Re: [PATCH 4/7] x86,tlb: make lazy TLB mode lazier
From: Rik van Riel
Date: Tue Jul 17 2018 - 18:05:20 EST
> On Jul 17, 2018, at 5:29 PM, Andy Lutomirski <luto@xxxxxxxxxx> wrote:
>
> On Tue, Jul 17, 2018 at 1:16 PM, Rik van Riel <riel@xxxxxxxxxxx> wrote:
>> Can I skip both the cr4 and let switches when the TLB contents
>> are no longer valid and got reloaded?
>>
>> If the TLB contents are still valid, either because we never went
>> into lazy TLB mode, or because no invalidates happened while
>> we were lazy, we immediately return.
>>
>> The cr4 and ldt reloads only happen if the TLB was invalidated
>> while we were in lazy TLB mode.
>
> Yes, since the only events that would change the LDT or the required
> CR4 value will unconditionally broadcast to every CPU in mm_cpumask
> regardless of whether they're lazy. The interesting case is that you
> go lazy, you miss an invalidation IPI because you were lazy, then you
> go unlazy, notice the tlb_gen change, and flush. If this happens, you
> know that you only missed a page table update and not an LDT update or
> a CR4 update, because the latter would have sent the IPI even though
> you were lazy. So you should skip the CR4 and LDT updates.
>
> I suppose a different approach would be to fix the issue below and to
> try to track when the LDT actually needs reloading. But that latter
> part seems a bit complicated for minimal gain.
>
> (Do you believe me? If not, please argue back!)
>
I believe you :)
>>> Hmm. load_mm_cr4() should bypass itself when mm == &init_mm. Want to
>>> fix that part or should I?
>>
>> I would be happy to send in a patch for this, and one for
>> the above optimization you pointed out.
>>
>
> Yes please!
>
There is a third optimization left to do.

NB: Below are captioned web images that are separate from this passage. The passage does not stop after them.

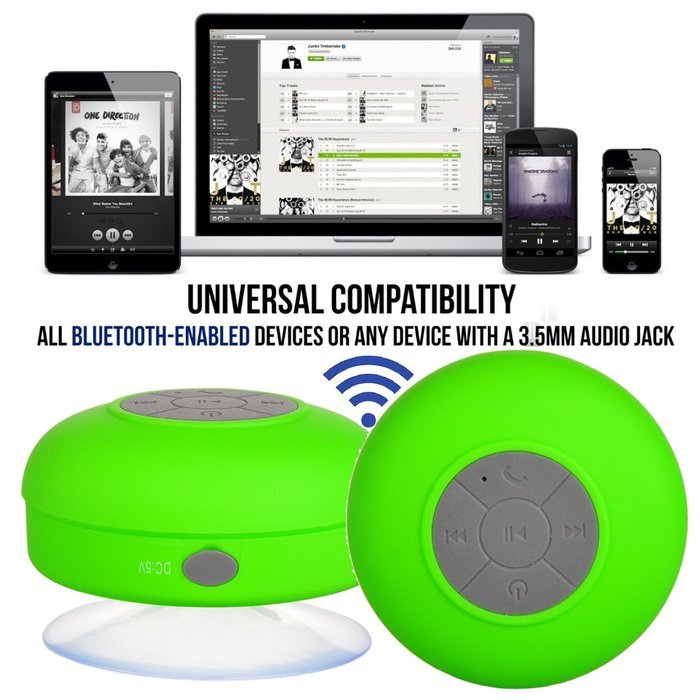 WECOME HD Water Resistant Bluetooth 3.0 Shower Speaker, Handsfree Waterproof Shower Bluetooth Portable Speaker... N7
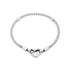 Pandora Moments Bracciale a catena con borchie 592453C00-23 - Argento 925, chiusura a cuore, 23 cm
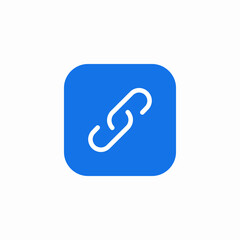 chain link icon sign vector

Currently every time
we switch into lazy tlb mode, we take a refcount on the mm,
even when switching from one kernel thread to another, or
when repeatedly switching between the same mm and kernel
threads.
We could keep that refcount (on a per cpu basis) from the time
we first switch to that mm in lazy tlb mode, to when we switch
the CPU to a different mm.
That would allow us to not bounce the cache line with the
mm_struct reference count on every lazy TLB context switch.
Does that seem like a reasonable optimization?
Am I overlooking anything?
I'll try to get all three optimizations working, and will run them
through some testing here before posting upstream.